The Board in Dana attempted to harmonize voluntary recognition arrangements made by employers and unions with the need to protect employees’ fundamental right of free choice in choosing (or not choosing) a collective bargaining representative.

It required an employer who voluntarily recognized a union to notify employees in a posting that voluntary recognition had been granted, but that the NLRB would accept, for a limited time (45 days following posting), a request to vote on keeping that recognition (or for a  rival union).  At least 30 percent of the unit employees had to back the move for the Board to hold an election.
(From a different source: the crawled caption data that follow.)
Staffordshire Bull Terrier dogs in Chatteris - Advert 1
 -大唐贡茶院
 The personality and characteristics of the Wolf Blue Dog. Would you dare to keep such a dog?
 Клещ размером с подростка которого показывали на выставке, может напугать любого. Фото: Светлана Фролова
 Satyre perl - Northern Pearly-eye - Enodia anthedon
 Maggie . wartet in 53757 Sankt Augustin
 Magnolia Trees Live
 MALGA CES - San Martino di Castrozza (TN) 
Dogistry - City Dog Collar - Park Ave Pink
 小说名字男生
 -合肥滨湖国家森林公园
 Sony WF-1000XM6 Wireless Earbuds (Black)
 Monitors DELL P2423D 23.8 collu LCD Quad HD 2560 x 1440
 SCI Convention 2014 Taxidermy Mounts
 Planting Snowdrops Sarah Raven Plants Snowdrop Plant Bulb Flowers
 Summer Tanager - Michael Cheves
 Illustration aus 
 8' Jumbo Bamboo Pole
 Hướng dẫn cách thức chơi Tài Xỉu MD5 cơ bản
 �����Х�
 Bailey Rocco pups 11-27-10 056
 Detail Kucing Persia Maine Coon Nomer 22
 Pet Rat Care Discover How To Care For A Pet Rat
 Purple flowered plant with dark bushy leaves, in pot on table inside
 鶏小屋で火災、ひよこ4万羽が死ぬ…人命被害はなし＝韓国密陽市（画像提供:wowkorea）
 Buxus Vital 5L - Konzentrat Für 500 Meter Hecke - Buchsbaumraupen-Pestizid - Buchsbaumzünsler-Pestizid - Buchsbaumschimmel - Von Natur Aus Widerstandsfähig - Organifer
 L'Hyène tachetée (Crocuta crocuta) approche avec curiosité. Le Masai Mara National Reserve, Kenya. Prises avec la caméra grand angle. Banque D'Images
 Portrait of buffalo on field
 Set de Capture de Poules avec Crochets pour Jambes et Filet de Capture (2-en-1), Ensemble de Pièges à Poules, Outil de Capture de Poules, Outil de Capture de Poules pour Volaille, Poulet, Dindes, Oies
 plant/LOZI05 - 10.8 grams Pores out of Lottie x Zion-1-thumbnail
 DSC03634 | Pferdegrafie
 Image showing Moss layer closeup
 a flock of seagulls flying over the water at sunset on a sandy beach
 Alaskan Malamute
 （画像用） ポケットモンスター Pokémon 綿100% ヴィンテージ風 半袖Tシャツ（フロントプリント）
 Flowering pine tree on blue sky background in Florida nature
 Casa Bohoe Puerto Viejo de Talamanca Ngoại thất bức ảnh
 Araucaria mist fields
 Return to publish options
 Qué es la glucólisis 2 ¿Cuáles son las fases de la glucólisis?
Approximately 54 elections have been held under Dana. In 15 cases (approximately 28 percent), employees rejected the recognized union. In two of those elections, employees voted to replace the recognized union with a rival.

Now, however, pro-union members have been appointed to the NLRB.  To no one’s surprise, the new Board has decided to re-examine Dana. When the United Steelworkers (“USW”) challenged the direction of a Dana election following a decertification petition contesting Lamons Gasket’s recognition of the USW, the Board seized its opportunity. Over a vigorous dissent by its Republican members, the Board majority directed reassessment, indicating Dana, in its view, likely was unnecessary, burdensome, and contrary to NLRB precedent.

The U.S. Chamber of Commerce, like many employer groups, is concerned that the Board will sacrifice employee free choice in order to help unions organize. The Chamber assisted Jackson Lewis in preparing the amicus brief supporting the Dana rule.

It is axiomatic that NLRB-conducted elections are the preferred form of ascertaining employee choice as to union representation (or the lack thereof). The U.S. Supreme Court, the NLRB, employers, employee groups and even unions all have so concluded. We argue in our brief that Dana helps assure employee free choice and offers valuable safeguards against the abuses of voluntary recognition through card check and neutrality agreements. We reject the current Board’s suggestion that the relatively few instances where recognition has been rescinded under Dana means that the rule is unimportant. This experience may signal just the opposite: that mindful of Dana, parties to such agreements are careful not to overreach.  Remove the shadow of Dana, and the old abuses will return.

As a form of “consumer protection” for employees, we believe the rule critical to vindicating employee rights under the NLRA.

Briefing in the case will be completed in November, and a decision by the NLRB is expected early next year.